Santa Rosa City Schools Superintendent Socorro Shiels, who served as a moderator Thursday, cautioned people from “rushing” to fix public schools, which she said are working to provide equal opportunities for their students.

“Certainly there are issues we have to address. But we have to look at fixing society — the community in which we live,” she said. “There are things that we can do outside of the classroom to change those conditions.”

Tim Reese, executive director of the Community Action Partnership of Sonoma County, said the organization has been focused on changing those conditions for years through programs such as Head Start and Pasitos, which works with Spanish-speaking parents to prepare their 3- and 4-year-olds for school.

“We know that early education and upstream investment works,” Reese said.

The nonprofit group also is working with at-risk students to make up class credits and earn their high school diplomas. The growing Youth Connections program also helps students prepare for college and the workforce.

“When the experts speak, we nod our heads. We get it. We’re already doing it,” Reese said. “I’m proud of our staff. In many ways, we’re on the cutting edge.”

The county is seeing positive shifts when it comes to diversity in higher education, said Santa Rosa Junior College President Frank Chong.

When he joined the college two years ago, Chong said, Latinos made up 25 percent of the student population. They now make up 32 percent.

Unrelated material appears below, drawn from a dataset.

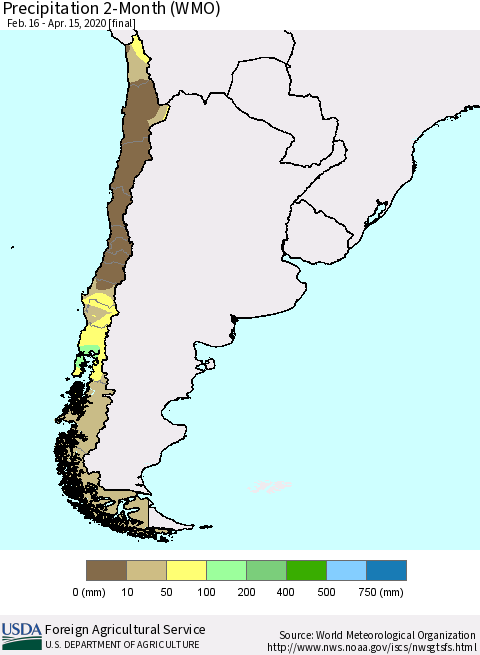 Chile Precipitation 2-Month (WMO) Thematic Map For 2/16/2020 - 4/15/2020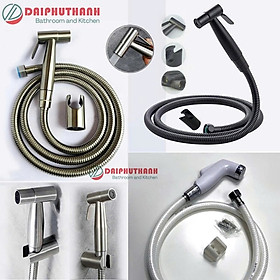 Vòi Xịt Toilet Xịt Vệ Sinh Nhiều Mẫu Dây 1m2 Có Loại Ruột Bố Chịu Áp - Đủ bộ đầu xịt, dây và gác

Sonoma State University has seen similar growth over the years, President Ruben Armiñana said. The entering class is 27 percent Latino, compared to 12 percent a decade ago, he said.

“We’re doing better,” Armiñana said. “(But) we need to do much better.”

The university is working with schools such as Elsie Allen High in southwest Santa Rosa to prepare students for college. But one of the university’s challenges is retention of Latino students.

A lot of students leave because of short-term crises in their families, such as a job loss or divorce, Armiñana said.

“Unfortunately, they don’t come back,” he said, adding that the feeling of failure they experience causes an “enormous burden” in their future.

And when it comes to depression and mental health, Latinos aren’t likely to seek treatment.

Only 1 in 11 Latinos with a mental health problem will seek a specialist, said Dr. Enrique Gonzalez-Mendez, a Sonoma County family physician and UC San Francisco clinical professor.

Latinos often don’t seek treatment because they don’t have health care coverage. There’s also a stigma when it comes to mental health, he said.

In addition, he said, “Access to care is a big problem, especially if you don’t speak the (English) language.”